THE TASK:
Every line between the one containing "Militaria: ANTIGUA REPRODUCCION" and the last line of the data, both included, is to be set down exactly, and pictures are to be omitted.

DATASET EXCERPT:
== Segment start ==

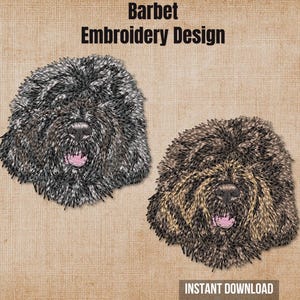 Peut inclure: Deux motifs de broderie représentant des têtes de chien Barbet avec une fourrure texturée, des nez noirs et des langues roses. Le texte indique Barbet Embroidery Design et Instant Download. Les motifs sont en noir, gris et marron sur fond beige.
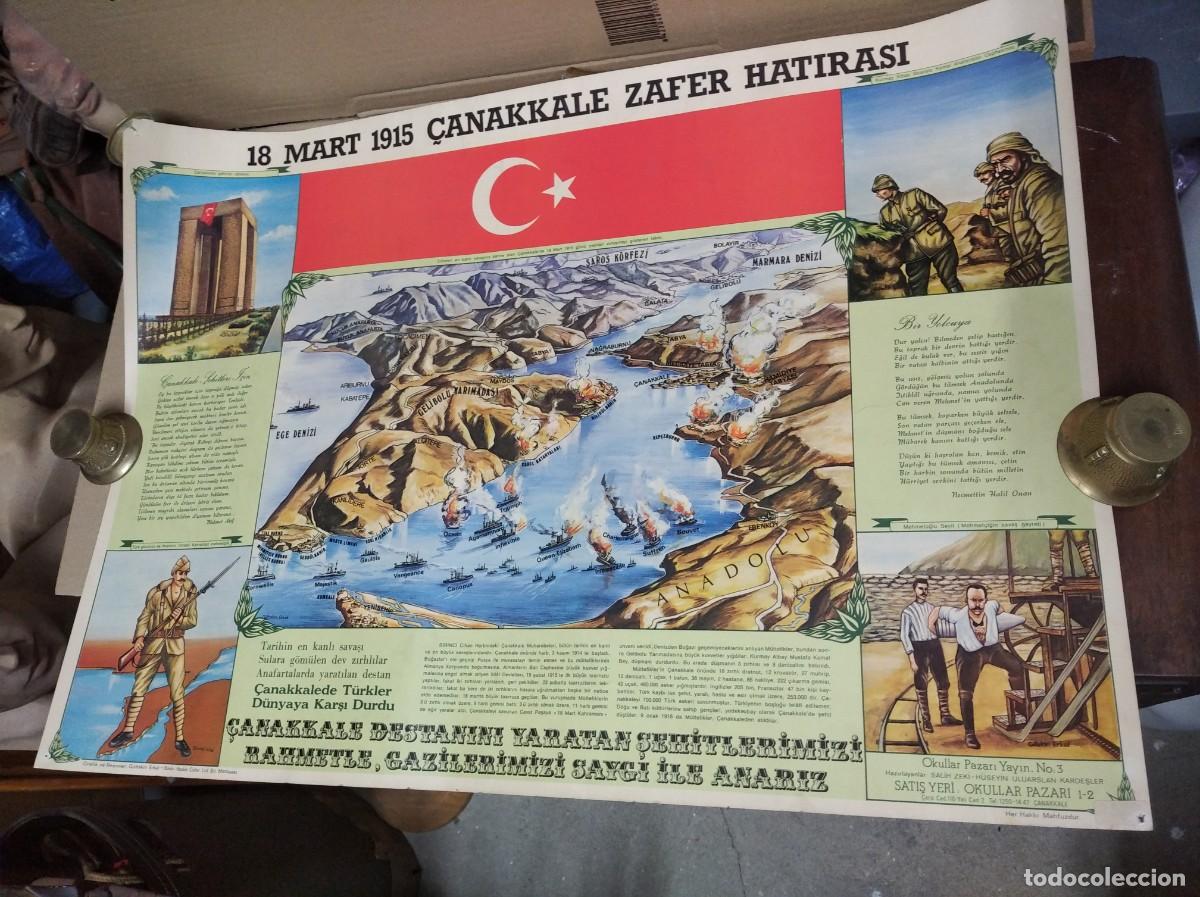 Militaria: ANTIGUA REPRODUCCION DE CARTEL TURCO DE PRIMERA GUERRA MUNDIAL 1915, DARDANELOS, A&Ntilde;OS 60 -R5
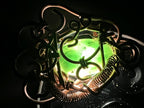 Hand Made Steampunk Jade Copper Wire Art Pendant x 1 From Rustenburg, South Africa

== Segment end ==

YOUR SOLUTION:
 Militaria: ANTIGUA REPRODUCCION DE CARTEL TURCO DE PRIMERA GUERRA MUNDIAL 1915, DARDANELOS, A&Ntilde;OS 60 -R5
 Hand Made Steampunk Jade Copper Wire Art Pendant x 1 From Rustenburg, South Africa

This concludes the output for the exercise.